I am observing different results when using `nn.Linear` on different GPU configurations with the same input data

Environment

  • PyTorch Version: 1.8.1+cu111
  • GPU: A30 mig12g and mig6g
  • Python Version: 3.8.8

Steps to Reproduce

  1. Initialize a model with nn.Linear layer.
  2. Perform a forward pass with the same input data on different GPU configurations.
  3. Observe different output features.
    image

what is the reason?

Hi Wanxin!

You can’t expect exact equality across different architectures (or versions,
gpu vs. cpu, batch sizes, etc.) Your results differ by amounts consistent
with floating-point round-off error, as is to be expected.

Best.

K. Frank

2 Likes

Thank you for your response.
You are correct, but I still have a question. When I only use convolutional layers, this situation does not occur. Is it because the underlying implementation mechanisms of linear layers and convolutional layers are different?

Hi Wanxin!

Well, yes, strictly speaking, linear and convolutional layers are different.
But I don’t think that’s really the point.

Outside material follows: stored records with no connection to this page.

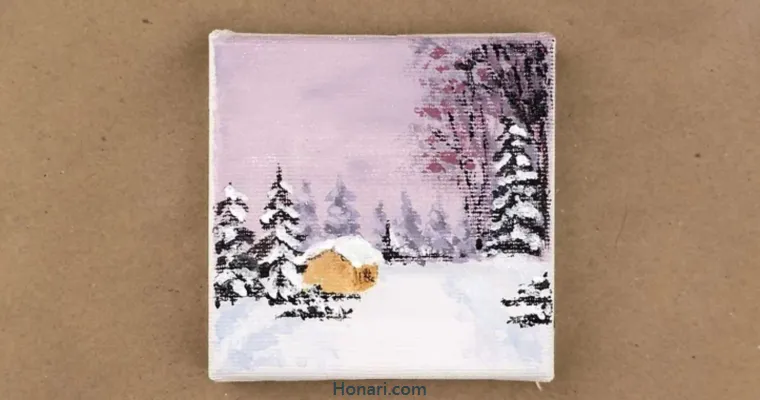 نقاشی روی بوم با اکریلیک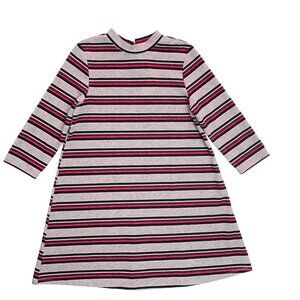 G12-Love Fire, 6Y, l/s cotton sweater dress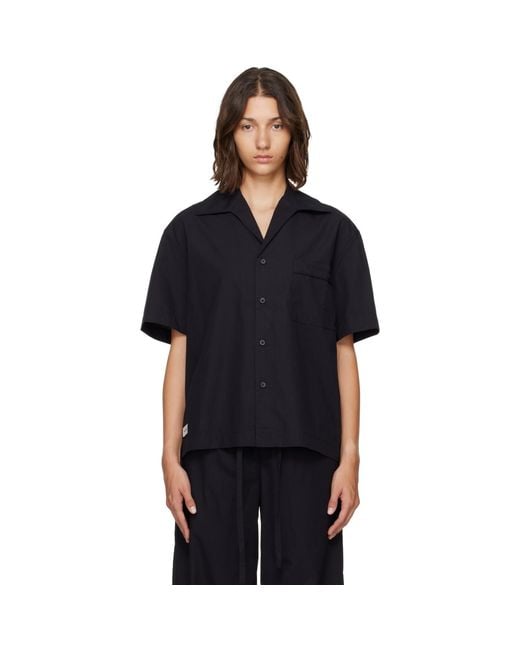 Entire studios Black S/S Pyjama Shirt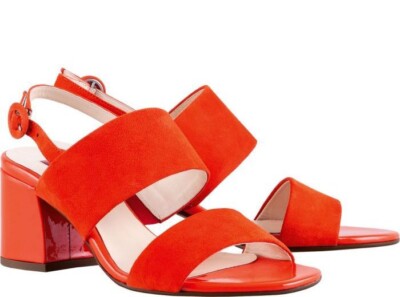 Women s orange Högl Sandals sz 8.5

I fully believe that on some sets of architectures, you will get round-off-error
discrepancies with convolutional layers, just as you saw with linear layers.
I would say that it happened to be the case that for your particular
convolutional layers and your particular gpu configurations, pytorch chose
to use the same orderings of floating-point operations and therefore no
discrepancy arose.

That is, what you saw was happenstance, rather than convolutional layers
having some special behavior.

Best.

K. Frank